Retype, word for word, every line from the one holding "Piano Pizzazz: How" through the one holding "This takeover event" in the entries below, both included, and only those lines.

== SUPPLIED MATERIAL ==

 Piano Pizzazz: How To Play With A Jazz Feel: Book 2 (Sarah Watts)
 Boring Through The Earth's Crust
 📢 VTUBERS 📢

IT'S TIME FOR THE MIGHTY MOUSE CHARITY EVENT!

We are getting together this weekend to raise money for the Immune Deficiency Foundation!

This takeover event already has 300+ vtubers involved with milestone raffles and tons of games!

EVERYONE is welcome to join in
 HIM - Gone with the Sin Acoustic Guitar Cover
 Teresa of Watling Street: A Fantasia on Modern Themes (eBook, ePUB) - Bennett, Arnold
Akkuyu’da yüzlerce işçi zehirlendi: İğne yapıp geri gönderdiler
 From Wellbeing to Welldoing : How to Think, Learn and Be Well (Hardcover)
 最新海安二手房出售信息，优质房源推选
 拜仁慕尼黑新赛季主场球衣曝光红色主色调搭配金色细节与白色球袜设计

===
== SUPPLIED MATERIAL ==

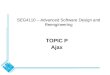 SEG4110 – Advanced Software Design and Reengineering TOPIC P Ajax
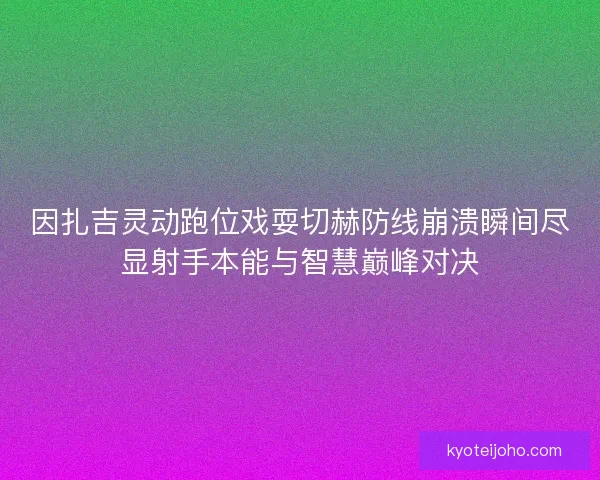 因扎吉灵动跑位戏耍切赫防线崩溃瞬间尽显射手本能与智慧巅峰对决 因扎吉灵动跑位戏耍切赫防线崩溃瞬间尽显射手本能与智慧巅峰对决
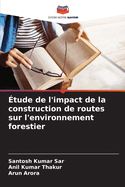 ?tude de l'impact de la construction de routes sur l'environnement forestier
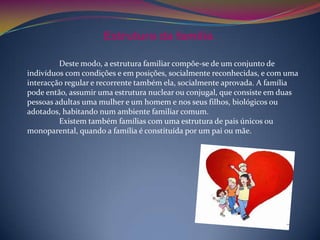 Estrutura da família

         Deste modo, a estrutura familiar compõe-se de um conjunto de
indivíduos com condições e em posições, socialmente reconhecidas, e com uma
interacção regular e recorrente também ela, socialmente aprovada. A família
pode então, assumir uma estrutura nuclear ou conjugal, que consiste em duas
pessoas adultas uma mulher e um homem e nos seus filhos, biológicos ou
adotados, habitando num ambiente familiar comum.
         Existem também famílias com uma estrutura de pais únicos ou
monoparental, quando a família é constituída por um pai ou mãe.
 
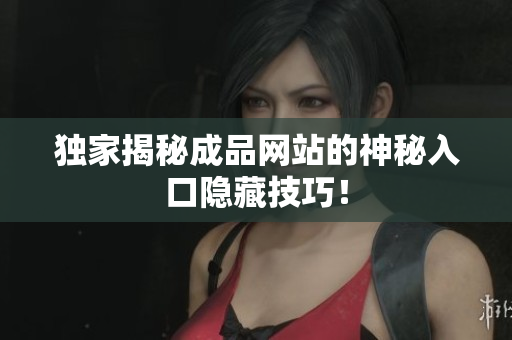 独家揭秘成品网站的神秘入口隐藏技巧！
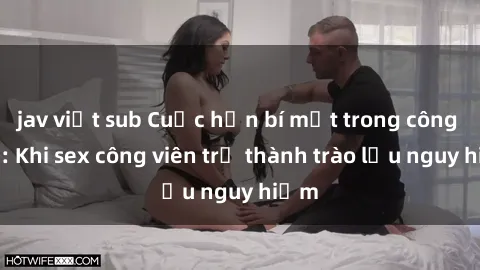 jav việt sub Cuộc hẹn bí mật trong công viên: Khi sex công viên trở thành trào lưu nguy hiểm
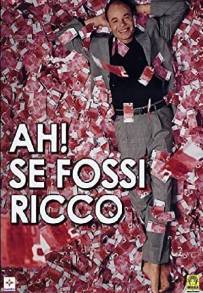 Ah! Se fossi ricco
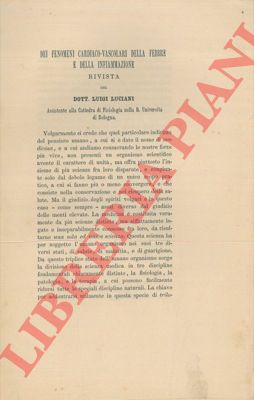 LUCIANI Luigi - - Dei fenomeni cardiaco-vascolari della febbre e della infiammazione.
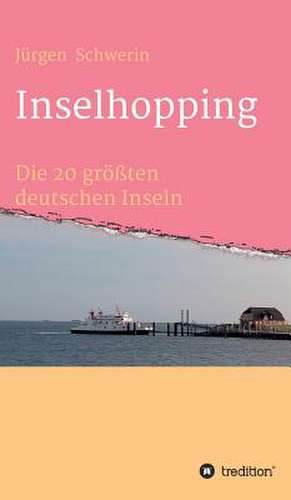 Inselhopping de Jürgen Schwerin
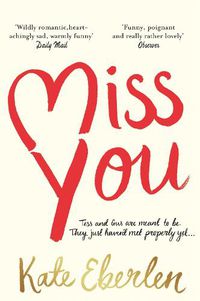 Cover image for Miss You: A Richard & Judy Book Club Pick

===

**ANSWER FOR THIS EXERCISE**
 Piano Pizzazz: How To Play With A Jazz Feel: Book 2 (Sarah Watts)
 Boring Through The Earth's Crust
 📢 VTUBERS 📢

IT'S TIME FOR THE MIGHTY MOUSE CHARITY EVENT!

We are getting together this weekend to raise money for the Immune Deficiency Foundation!

This takeover event already has 300+ vtubers involved with milestone raffles and tons of games!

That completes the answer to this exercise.